The answer is to be the full listing, unchanged in every line.
**** Supplied information
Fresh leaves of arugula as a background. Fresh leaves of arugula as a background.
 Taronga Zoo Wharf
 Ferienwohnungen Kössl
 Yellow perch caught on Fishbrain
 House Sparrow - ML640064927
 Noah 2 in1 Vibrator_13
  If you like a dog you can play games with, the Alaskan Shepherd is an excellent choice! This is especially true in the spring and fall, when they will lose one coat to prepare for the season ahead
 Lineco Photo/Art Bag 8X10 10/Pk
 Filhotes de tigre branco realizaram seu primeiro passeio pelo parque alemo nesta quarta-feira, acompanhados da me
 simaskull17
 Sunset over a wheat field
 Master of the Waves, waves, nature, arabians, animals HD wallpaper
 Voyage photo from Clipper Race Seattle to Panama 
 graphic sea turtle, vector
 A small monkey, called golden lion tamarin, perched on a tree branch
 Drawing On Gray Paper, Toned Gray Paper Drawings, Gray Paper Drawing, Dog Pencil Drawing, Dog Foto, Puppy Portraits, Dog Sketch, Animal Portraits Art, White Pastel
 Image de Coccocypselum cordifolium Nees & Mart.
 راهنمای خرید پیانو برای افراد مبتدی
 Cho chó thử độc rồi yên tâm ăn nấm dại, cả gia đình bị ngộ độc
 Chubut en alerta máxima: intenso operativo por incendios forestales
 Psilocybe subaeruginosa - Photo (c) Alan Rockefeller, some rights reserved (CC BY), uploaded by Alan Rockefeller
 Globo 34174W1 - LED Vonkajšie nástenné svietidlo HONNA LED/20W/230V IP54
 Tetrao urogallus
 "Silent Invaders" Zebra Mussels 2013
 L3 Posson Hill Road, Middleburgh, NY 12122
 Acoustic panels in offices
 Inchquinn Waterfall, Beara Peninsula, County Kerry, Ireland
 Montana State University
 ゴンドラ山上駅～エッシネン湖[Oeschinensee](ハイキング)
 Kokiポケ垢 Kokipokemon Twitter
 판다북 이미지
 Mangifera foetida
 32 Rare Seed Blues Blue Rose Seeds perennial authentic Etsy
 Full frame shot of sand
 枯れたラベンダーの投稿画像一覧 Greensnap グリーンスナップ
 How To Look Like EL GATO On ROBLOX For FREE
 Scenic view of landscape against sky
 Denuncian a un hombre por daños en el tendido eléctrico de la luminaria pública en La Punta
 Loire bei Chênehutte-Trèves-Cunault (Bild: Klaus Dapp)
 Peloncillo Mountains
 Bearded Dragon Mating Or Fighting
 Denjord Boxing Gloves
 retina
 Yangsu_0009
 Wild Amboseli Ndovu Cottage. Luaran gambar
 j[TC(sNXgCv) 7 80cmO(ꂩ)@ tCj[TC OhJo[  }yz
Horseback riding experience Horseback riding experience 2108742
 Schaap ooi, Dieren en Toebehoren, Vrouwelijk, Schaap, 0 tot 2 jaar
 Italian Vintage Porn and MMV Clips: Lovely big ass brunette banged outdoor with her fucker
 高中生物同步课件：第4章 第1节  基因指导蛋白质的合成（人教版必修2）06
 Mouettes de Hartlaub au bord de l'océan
********
Written response »
Fresh leaves of arugula as a background. Fresh leaves of arugula as a background.
 Taronga Zoo Wharf
 Ferienwohnungen Kössl
 Yellow perch caught on Fishbrain
 House Sparrow - ML640064927
 Noah 2 in1 Vibrator_13
  If you like a dog you can play games with, the Alaskan Shepherd is an excellent choice! This is especially true in the spring and fall, when they will lose one coat to prepare for the season ahead
 Lineco Photo/Art Bag 8X10 10/Pk
 Filhotes de tigre branco realizaram seu primeiro passeio pelo parque alemo nesta quarta-feira, acompanhados da me
 simaskull17
 Sunset over a wheat field
 Master of the Waves, waves, nature, arabians, animals HD wallpaper
 Voyage photo from Clipper Race Seattle to Panama 
 graphic sea turtle, vector
 A small monkey, called golden lion tamarin, perched on a tree branch
 Drawing On Gray Paper, Toned Gray Paper Drawings, Gray Paper Drawing, Dog Pencil Drawing, Dog Foto, Puppy Portraits, Dog Sketch, Animal Portraits Art, White Pastel
 Image de Coccocypselum cordifolium Nees & Mart.
 راهنمای خرید پیانو برای افراد مبتدی
 Cho chó thử độc rồi yên tâm ăn nấm dại, cả gia đình bị ngộ độc
 Chubut en alerta máxima: intenso operativo por incendios forestales
 Psilocybe subaeruginosa - Photo (c) Alan Rockefeller, some rights reserved (CC BY), uploaded by Alan Rockefeller
 Globo 34174W1 - LED Vonkajšie nástenné svietidlo HONNA LED/20W/230V IP54
 Tetrao urogallus
 "Silent Invaders" Zebra Mussels 2013
 L3 Posson Hill Road, Middleburgh, NY 12122
 Acoustic panels in offices
 Inchquinn Waterfall, Beara Peninsula, County Kerry, Ireland
 Montana State University
 ゴンドラ山上駅～エッシネン湖[Oeschinensee](ハイキング)
 Kokiポケ垢 Kokipokemon Twitter
 판다북 이미지
 Mangifera foetida
 32 Rare Seed Blues Blue Rose Seeds perennial authentic Etsy
 Full frame shot of sand
 枯れたラベンダーの投稿画像一覧 Greensnap グリーンスナップ
 How To Look Like EL GATO On ROBLOX For FREE
 Scenic view of landscape against sky
 Denuncian a un hombre por daños en el tendido eléctrico de la luminaria pública en La Punta
 Loire bei Chênehutte-Trèves-Cunault (Bild: Klaus Dapp)
 Peloncillo Mountains
 Bearded Dragon Mating Or Fighting
 Denjord Boxing Gloves
 retina
 Yangsu_0009
 Wild Amboseli Ndovu Cottage. Luaran gambar
 j[TC(sNXgCv) 7 80cmO(ꂩ)@ tCj[TC OhJo[  }yz
Horseback riding experience Horseback riding experience 2108742
 Schaap ooi, Dieren en Toebehoren, Vrouwelijk, Schaap, 0 tot 2 jaar
 Italian Vintage Porn and MMV Clips: Lovely big ass brunette banged outdoor with her fucker
 高中生物同步课件：第4章 第1节  基因指导蛋白质的合成（人教版必修2）06
 Mouettes de Hartlaub au bord de l'océan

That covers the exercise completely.